━━━━━ Extracted data

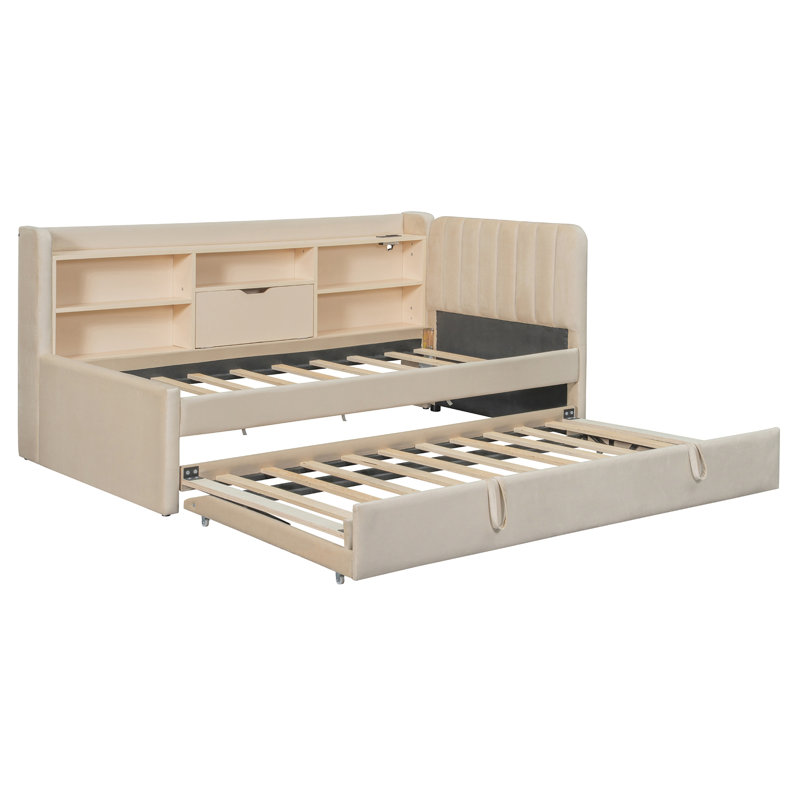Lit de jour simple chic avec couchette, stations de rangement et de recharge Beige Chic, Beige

━━━━━━━━━━
━━━━━ Extracted data

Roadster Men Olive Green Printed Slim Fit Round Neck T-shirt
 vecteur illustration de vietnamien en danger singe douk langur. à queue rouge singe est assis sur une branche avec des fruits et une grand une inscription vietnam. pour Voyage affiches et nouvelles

━━━━━━━━━━

Work item: Transcribe the lines above between the line holding "Roadster Men Olive" and the line holding "vecteur illustration de", inclusive, exactly as they stand and with nothing added.

Result of the task:
Roadster Men Olive Green Printed Slim Fit Round Neck T-shirt
 vecteur illustration de vietnamien en danger singe douk langur. à queue rouge singe est assis sur une branche avec des fruits et une grand une inscription vietnam. pour Voyage affiches et nouvelles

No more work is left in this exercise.